**Assignment**
Pictures should not appear in the copy; the records themselves must be written out exactly.

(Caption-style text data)
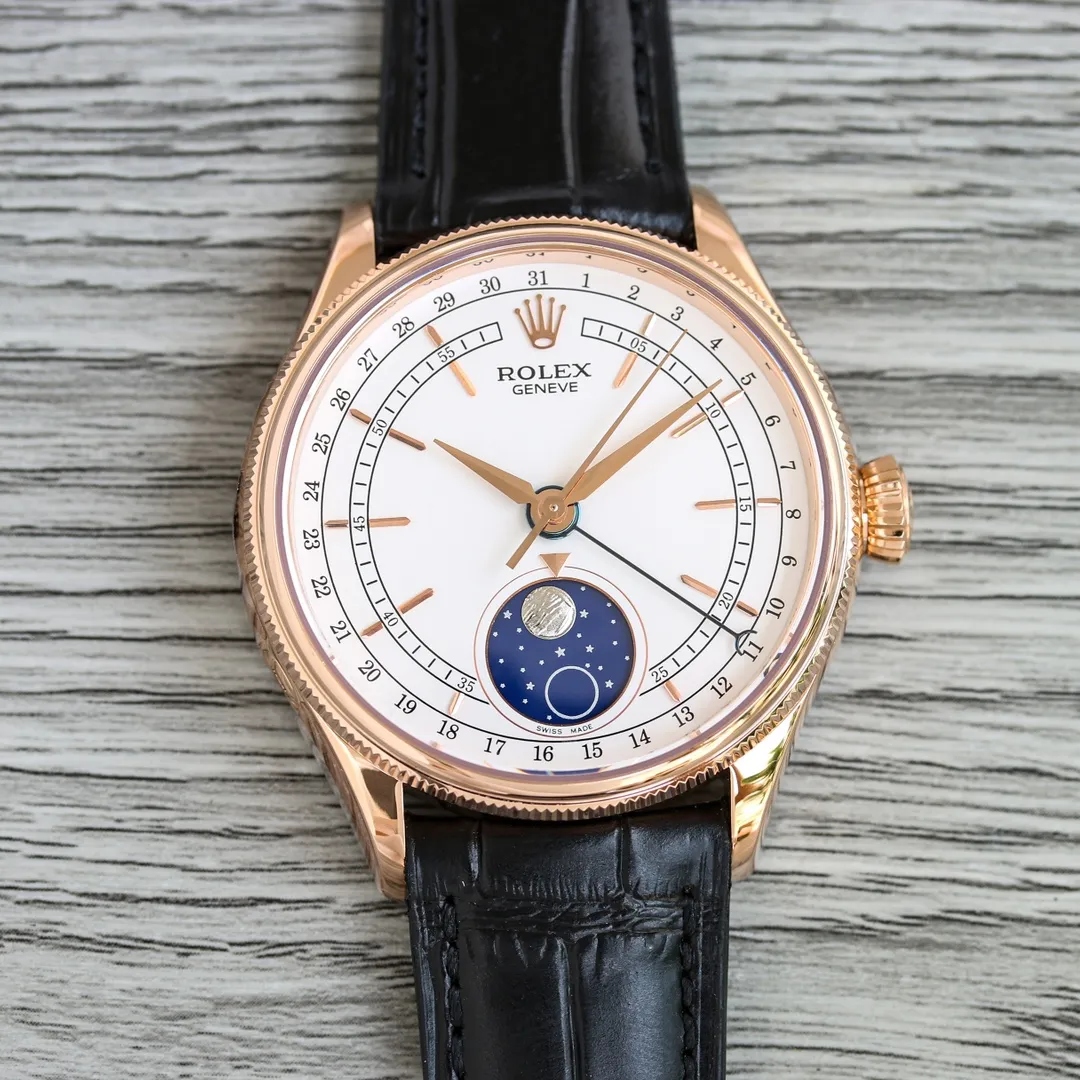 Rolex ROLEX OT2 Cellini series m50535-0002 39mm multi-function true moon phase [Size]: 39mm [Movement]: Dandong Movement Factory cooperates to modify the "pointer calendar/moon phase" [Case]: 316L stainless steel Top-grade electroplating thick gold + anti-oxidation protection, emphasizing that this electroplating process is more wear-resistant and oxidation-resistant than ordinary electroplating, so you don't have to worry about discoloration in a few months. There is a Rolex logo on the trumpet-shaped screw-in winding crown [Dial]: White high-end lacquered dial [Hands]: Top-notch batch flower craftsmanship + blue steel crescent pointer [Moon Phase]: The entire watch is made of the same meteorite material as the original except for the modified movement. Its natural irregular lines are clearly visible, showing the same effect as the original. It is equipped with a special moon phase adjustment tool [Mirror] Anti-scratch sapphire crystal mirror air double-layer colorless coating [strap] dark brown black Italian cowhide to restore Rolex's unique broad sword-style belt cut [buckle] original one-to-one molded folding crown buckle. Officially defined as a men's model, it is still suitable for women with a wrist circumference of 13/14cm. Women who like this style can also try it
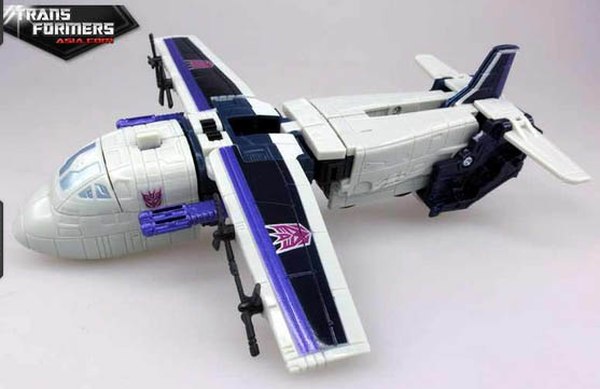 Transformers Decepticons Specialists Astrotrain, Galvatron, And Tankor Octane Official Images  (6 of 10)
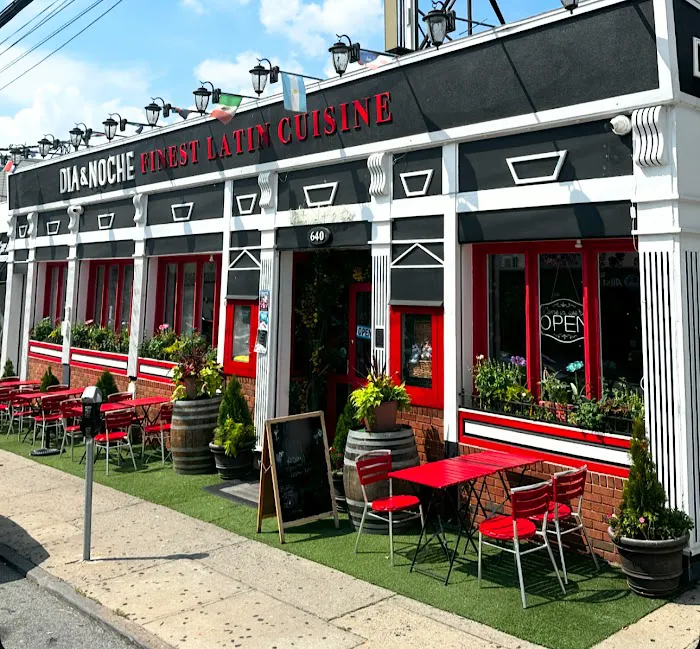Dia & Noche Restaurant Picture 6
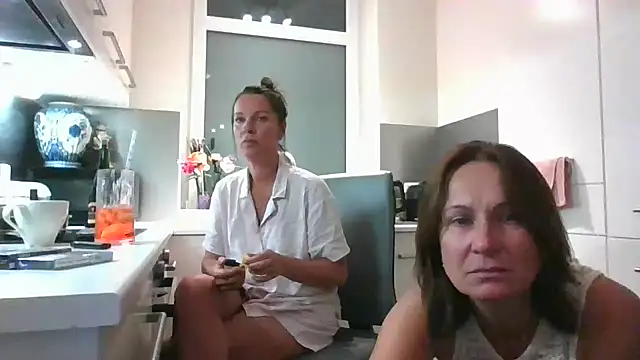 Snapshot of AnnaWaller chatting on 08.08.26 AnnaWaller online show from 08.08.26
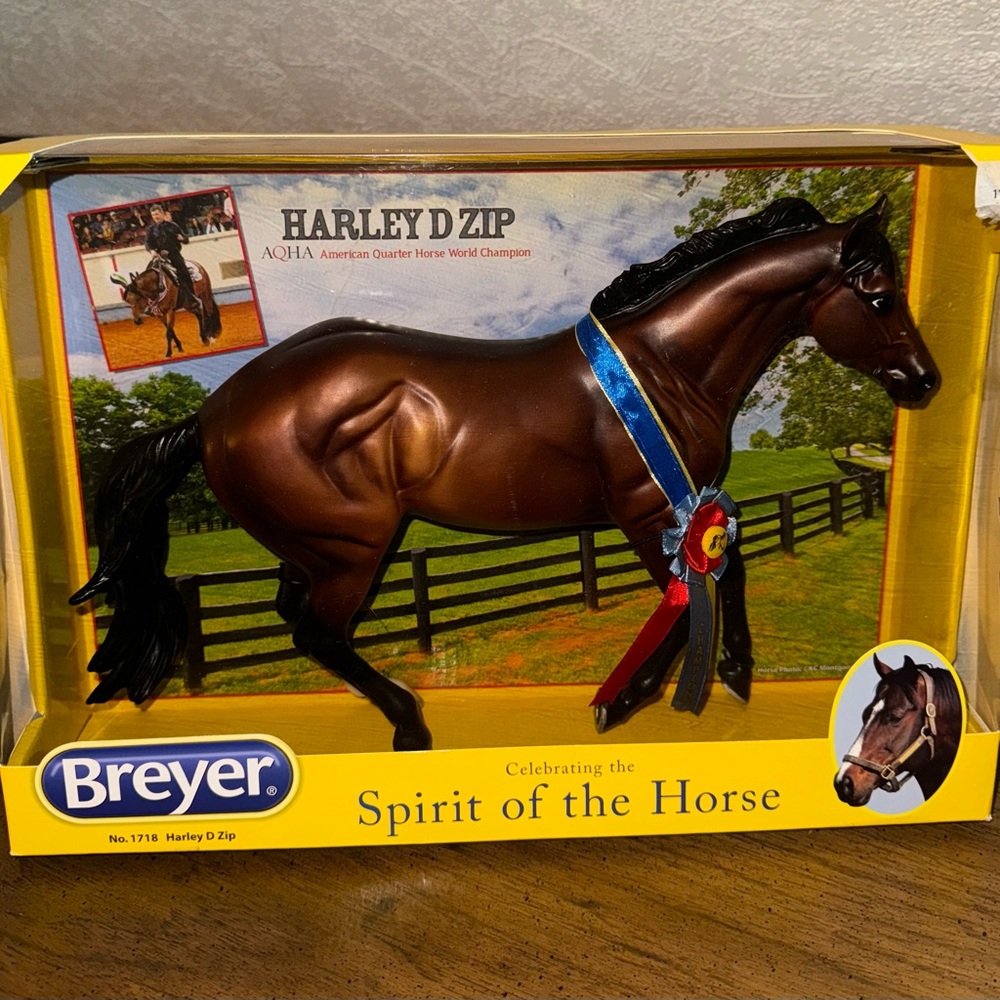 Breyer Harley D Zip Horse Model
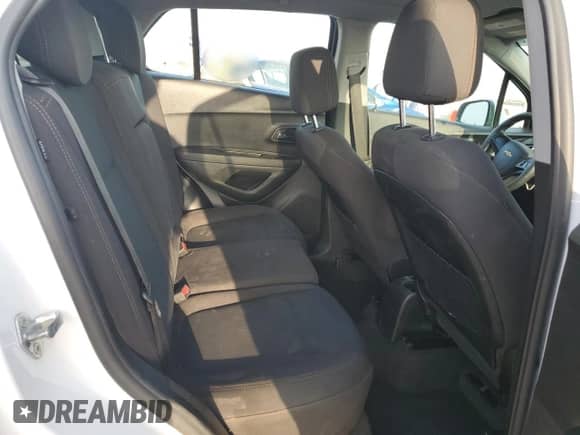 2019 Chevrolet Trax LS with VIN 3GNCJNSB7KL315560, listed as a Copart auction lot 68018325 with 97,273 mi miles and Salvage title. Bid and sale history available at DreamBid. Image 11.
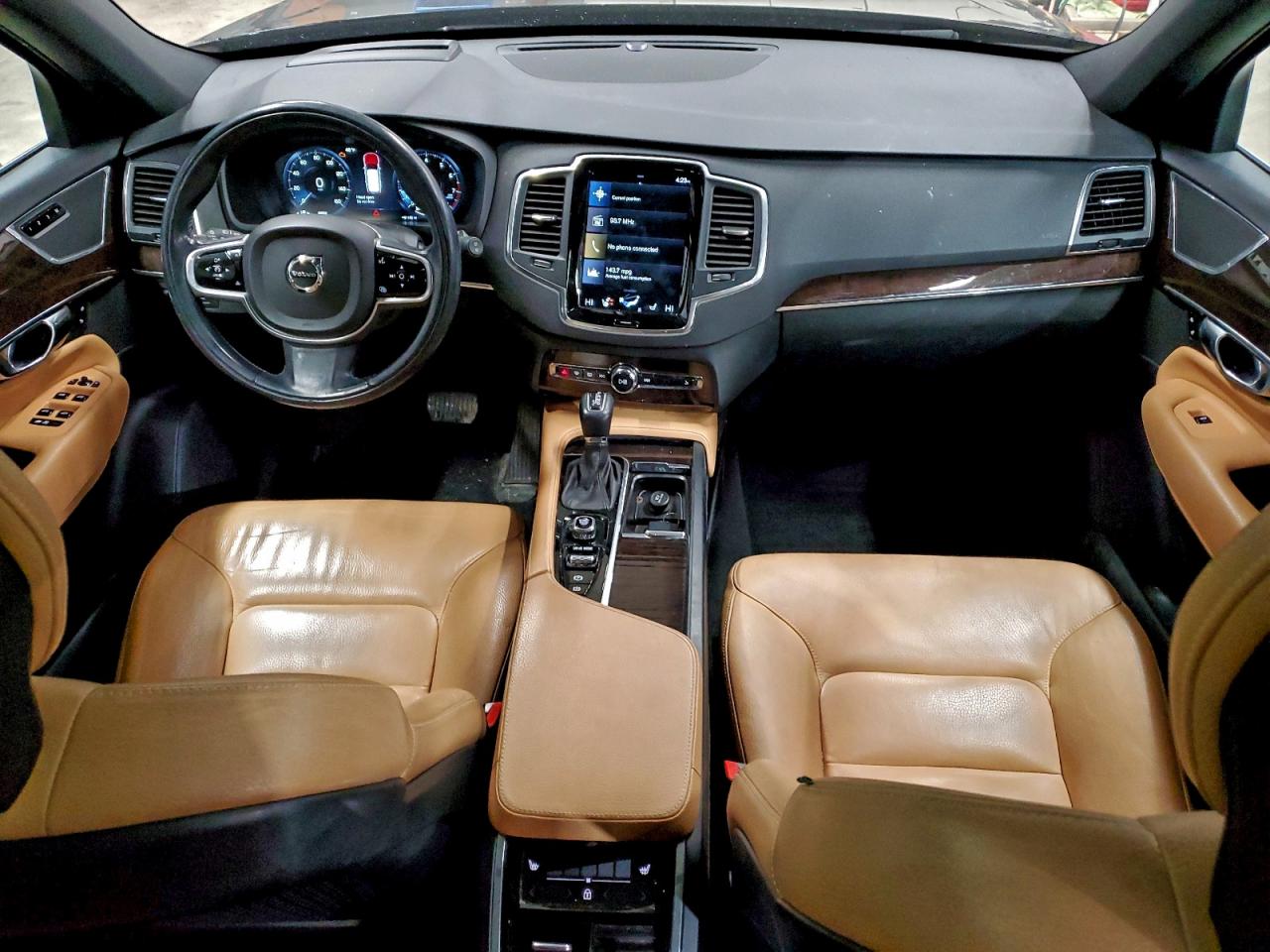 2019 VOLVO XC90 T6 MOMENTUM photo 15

**Result of the task**
 Rolex ROLEX OT2 Cellini series m50535-0002 39mm multi-function true moon phase [Size]: 39mm [Movement]: Dandong Movement Factory cooperates to modify the "pointer calendar/moon phase" [Case]: 316L stainless steel Top-grade electroplating thick gold + anti-oxidation protection, emphasizing that this electroplating process is more wear-resistant and oxidation-resistant than ordinary electroplating, so you don't have to worry about discoloration in a few months. There is a Rolex logo on the trumpet-shaped screw-in winding crown [Dial]: White high-end lacquered dial [Hands]: Top-notch batch flower craftsmanship + blue steel crescent pointer [Moon Phase]: The entire watch is made of the same meteorite material as the original except for the modified movement. Its natural irregular lines are clearly visible, showing the same effect as the original. It is equipped with a special moon phase adjustment tool [Mirror] Anti-scratch sapphire crystal mirror air double-layer colorless coating [strap] dark brown black Italian cowhide to restore Rolex's unique broad sword-style belt cut [buckle] original one-to-one molded folding crown buckle. Officially defined as a men's model, it is still suitable for women with a wrist circumference of 13/14cm. Women who like this style can also try it
 Transformers Decepticons Specialists Astrotrain, Galvatron, And Tankor Octane Official Images  (6 of 10)
Dia & Noche Restaurant Picture 6
 Snapshot of AnnaWaller chatting on 08.08.26 AnnaWaller online show from 08.08.26
 Breyer Harley D Zip Horse Model
 2019 Chevrolet Trax LS with VIN 3GNCJNSB7KL315560, listed as a Copart auction lot 68018325 with 97,273 mi miles and Salvage title. Bid and sale history available at DreamBid. Image 11.
 2019 VOLVO XC90 T6 MOMENTUM photo 15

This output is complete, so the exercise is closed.